TASK ITEM:
Using only the entries below, output the lines starting at the one containing "6425 Richmond Hwy #303 - Photo 3 of 15" and ending at the one containing "Magisches buntes Schlangenpuzzle", exactly and inclusive of both, omitting the pictures.

INFORMATION PROVIDED:
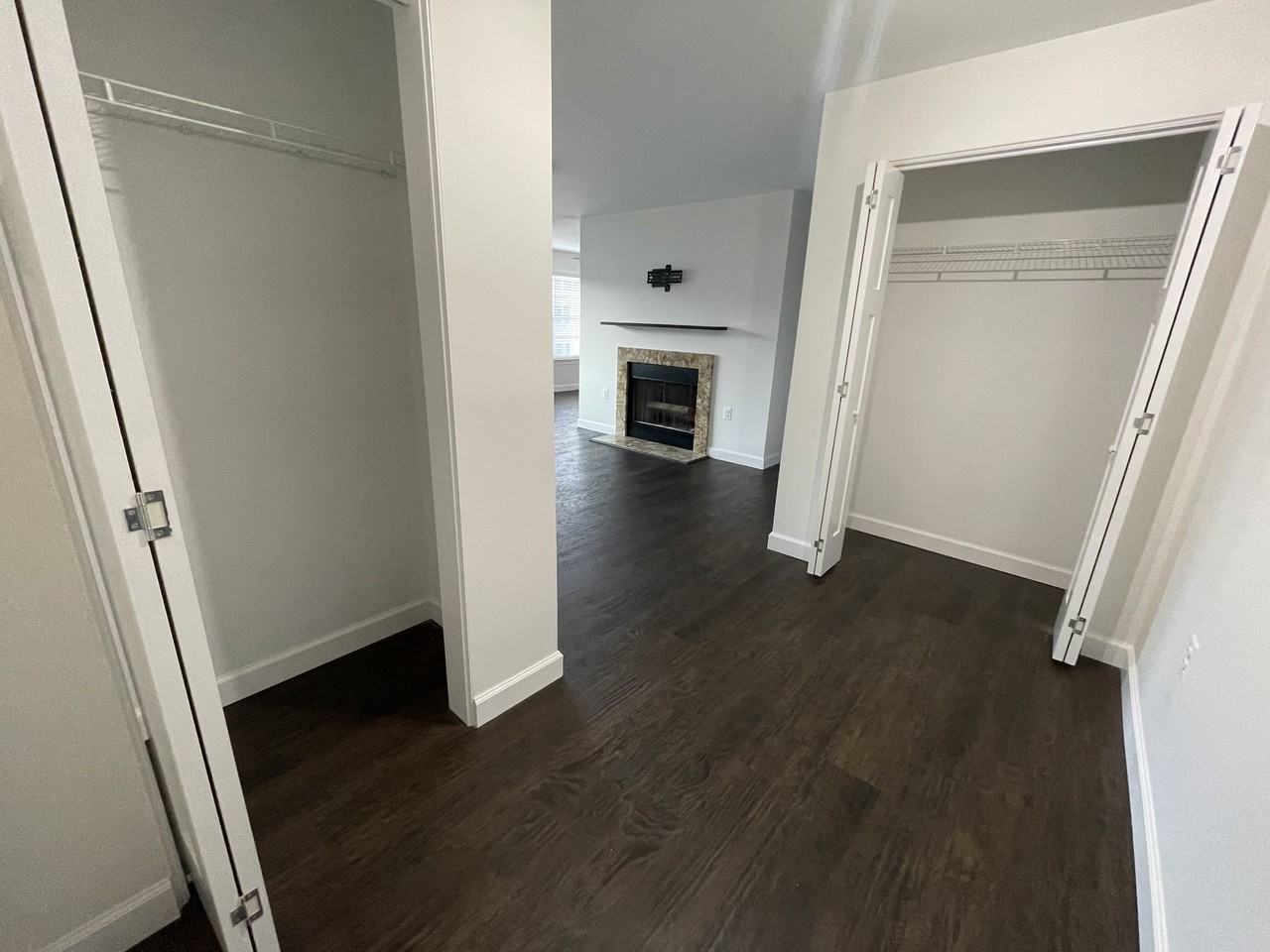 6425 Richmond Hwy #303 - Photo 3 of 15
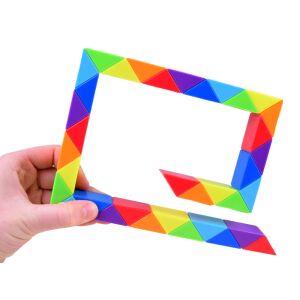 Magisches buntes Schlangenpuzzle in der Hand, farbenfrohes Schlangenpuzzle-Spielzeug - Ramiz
...
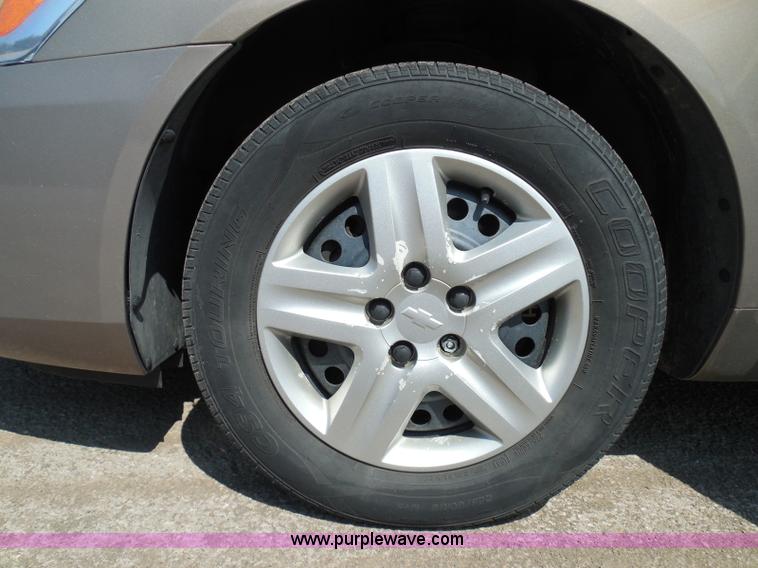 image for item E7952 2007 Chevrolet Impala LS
---
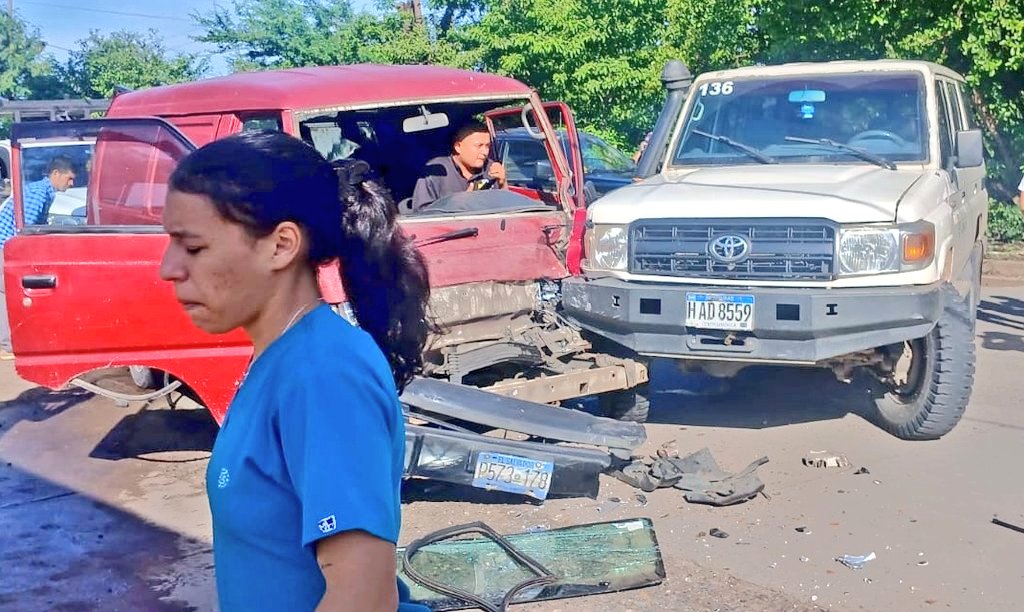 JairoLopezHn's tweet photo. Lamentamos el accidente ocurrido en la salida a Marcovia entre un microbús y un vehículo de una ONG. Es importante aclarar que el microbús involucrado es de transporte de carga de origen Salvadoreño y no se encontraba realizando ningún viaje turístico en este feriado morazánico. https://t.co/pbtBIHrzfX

WRITTEN SOLUTION:
 6425 Richmond Hwy #303 - Photo 3 of 15
 Magisches buntes Schlangenpuzzle in der Hand, farbenfrohes Schlangenpuzzle-Spielzeug - Ramiz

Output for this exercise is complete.